The `mle` function computes confidence intervals for the parameters using a large-sample normal approximation for the distribution of the estimators if an exact method is not available. For small sample sizes, you can improve the normal approximation by transforming one or more parameters. In this case, transform the scale parameter of a normal distribution to its logarithm.

First, define a new log pdf function named `helper_logpdf_wn2` that uses a transformed parameter for `sigma`.
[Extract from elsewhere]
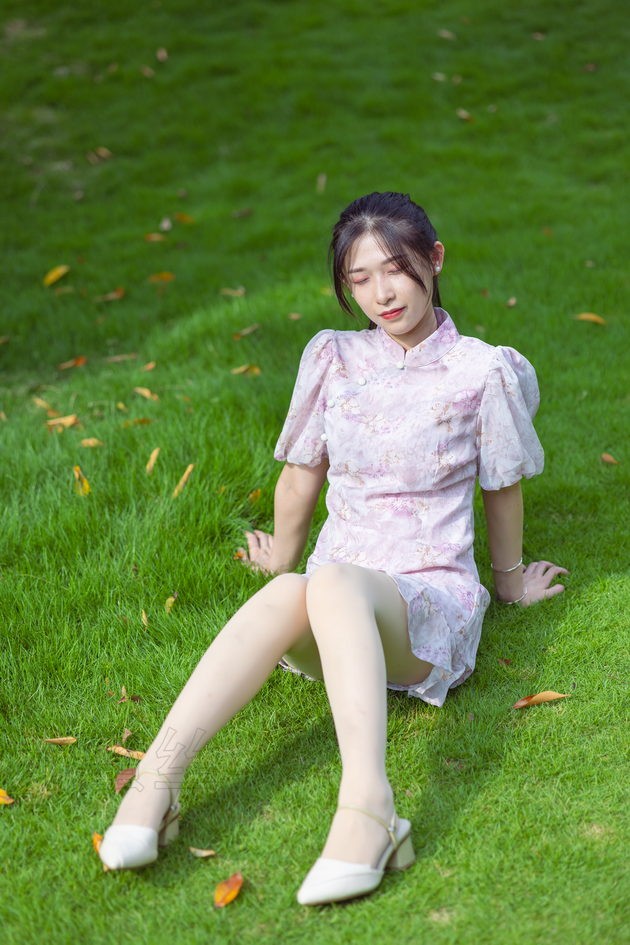 [尤蜜丝]穿搭写真 NO.065[45P／405MB]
```function logy = helper_logpdf_wn2(x,m,mu,logsigma) %HELPER_LOGPDF_WN2 Logarithm of pdf for a weight normal distribution with % log(sigma) parameterization % This function supports only the example Fit Custom Distributions % (customdist1demo.mlx) and might change in a future release. v = exp(logsigma).^2 ./ m; logy = -(x-mu).^2 ./ (2.*v) - .5.*log(2.*pi.*v); end ```

Use the same starting point transformed to the new parameterization for `sigma`, that is, the log of the sample standard deviation.

`start = [mean(x4),log(std(x4))]`
```start = 1×2 1.0280 0.4376 ```

Because `sigma` can be any positive value, `log(sigma)` is unbounded, and you do not need to specify lower or upper bounds.

```[paramEsts2,paramCIs2] = mle(x4,'logpdf', ... @(x,mu,sigma)helper_logpdf_wn2(x,m,mu,sigma), ... 'Start',start)```
```paramEsts2 = 1×2 0.6244 1.0586 ```
```paramCIs2 = 2×2 -0.2802 0.6203 1.5290 1.4969 ```

Because the parameterization uses `log(sigma)`, you have to transform back to the original scale to get an estimate and confidence interval for `sigma`.

`sigmaHat = exp(paramEsts2(2))`
```sigmaHat = 2.8823 ```
`sigmaCI = exp(paramCIs2(:,2))`
```sigmaCI = 2×1 1.8596 4.4677 ```

The estimates for both `mu` and `sigma` are the same as in the first fit, because maximum likelihood estimates are invariant to parameterization. The confidence interval for `sigma` is slightly different from `paramCIs1(:,2)`.